§ PROBLEM DETAILS: In the records below, find the line with "Doğa Bitki Karışık" and the line with "Quiet plans for". Print both exactly, along with every line between them, and no other line.

§ SUPPLIED MATERIAL:
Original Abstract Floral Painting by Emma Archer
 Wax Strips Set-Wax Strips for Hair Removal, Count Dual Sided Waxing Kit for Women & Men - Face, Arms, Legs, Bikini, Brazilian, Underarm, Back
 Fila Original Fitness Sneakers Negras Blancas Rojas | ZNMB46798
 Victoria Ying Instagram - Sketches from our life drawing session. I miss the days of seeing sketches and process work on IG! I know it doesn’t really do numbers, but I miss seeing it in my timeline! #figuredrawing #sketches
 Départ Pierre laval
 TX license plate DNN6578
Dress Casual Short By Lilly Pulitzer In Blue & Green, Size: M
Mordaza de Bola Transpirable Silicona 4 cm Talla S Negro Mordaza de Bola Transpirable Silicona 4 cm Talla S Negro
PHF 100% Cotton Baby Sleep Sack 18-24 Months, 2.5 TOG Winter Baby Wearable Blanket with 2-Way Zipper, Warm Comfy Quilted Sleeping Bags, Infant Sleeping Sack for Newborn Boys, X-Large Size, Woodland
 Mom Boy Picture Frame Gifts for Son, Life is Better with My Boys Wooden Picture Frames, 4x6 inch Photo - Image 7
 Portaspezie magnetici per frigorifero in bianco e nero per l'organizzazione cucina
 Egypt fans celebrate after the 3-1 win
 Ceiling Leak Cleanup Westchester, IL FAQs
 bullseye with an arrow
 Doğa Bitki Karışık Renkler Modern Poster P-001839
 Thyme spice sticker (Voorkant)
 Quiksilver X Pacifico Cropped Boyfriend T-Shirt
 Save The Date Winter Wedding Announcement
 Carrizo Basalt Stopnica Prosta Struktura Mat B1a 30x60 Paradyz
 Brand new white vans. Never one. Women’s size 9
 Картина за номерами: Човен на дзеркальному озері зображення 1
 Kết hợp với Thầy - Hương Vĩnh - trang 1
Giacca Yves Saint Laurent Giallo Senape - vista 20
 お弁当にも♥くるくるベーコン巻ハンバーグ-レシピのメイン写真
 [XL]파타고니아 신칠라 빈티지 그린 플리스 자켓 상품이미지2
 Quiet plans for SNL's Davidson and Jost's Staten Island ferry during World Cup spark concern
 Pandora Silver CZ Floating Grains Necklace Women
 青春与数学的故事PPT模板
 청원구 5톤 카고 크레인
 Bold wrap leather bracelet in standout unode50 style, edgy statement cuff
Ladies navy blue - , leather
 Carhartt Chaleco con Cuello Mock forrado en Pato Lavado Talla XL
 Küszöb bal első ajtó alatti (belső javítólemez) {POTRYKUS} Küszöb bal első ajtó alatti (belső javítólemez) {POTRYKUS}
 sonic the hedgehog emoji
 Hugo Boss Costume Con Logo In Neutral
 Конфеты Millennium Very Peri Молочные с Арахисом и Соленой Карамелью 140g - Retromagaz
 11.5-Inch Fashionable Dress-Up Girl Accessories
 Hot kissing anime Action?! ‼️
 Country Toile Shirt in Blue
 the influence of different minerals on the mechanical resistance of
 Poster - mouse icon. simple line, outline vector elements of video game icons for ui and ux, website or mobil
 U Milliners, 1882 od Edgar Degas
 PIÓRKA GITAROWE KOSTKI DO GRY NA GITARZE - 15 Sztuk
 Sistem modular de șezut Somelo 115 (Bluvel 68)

§ TASK RESULT:
 Doğa Bitki Karışık Renkler Modern Poster P-001839
 Thyme spice sticker (Voorkant)
 Quiksilver X Pacifico Cropped Boyfriend T-Shirt
 Save The Date Winter Wedding Announcement
 Carrizo Basalt Stopnica Prosta Struktura Mat B1a 30x60 Paradyz
 Brand new white vans. Never one. Women’s size 9
 Картина за номерами: Човен на дзеркальному озері зображення 1
 Kết hợp với Thầy - Hương Vĩnh - trang 1
Giacca Yves Saint Laurent Giallo Senape - vista 20
 お弁当にも♥くるくるベーコン巻ハンバーグ-レシピのメイン写真
 [XL]파타고니아 신칠라 빈티지 그린 플리스 자켓 상품이미지2
 Quiet plans for SNL's Davidson and Jost's Staten Island ferry during World Cup spark concern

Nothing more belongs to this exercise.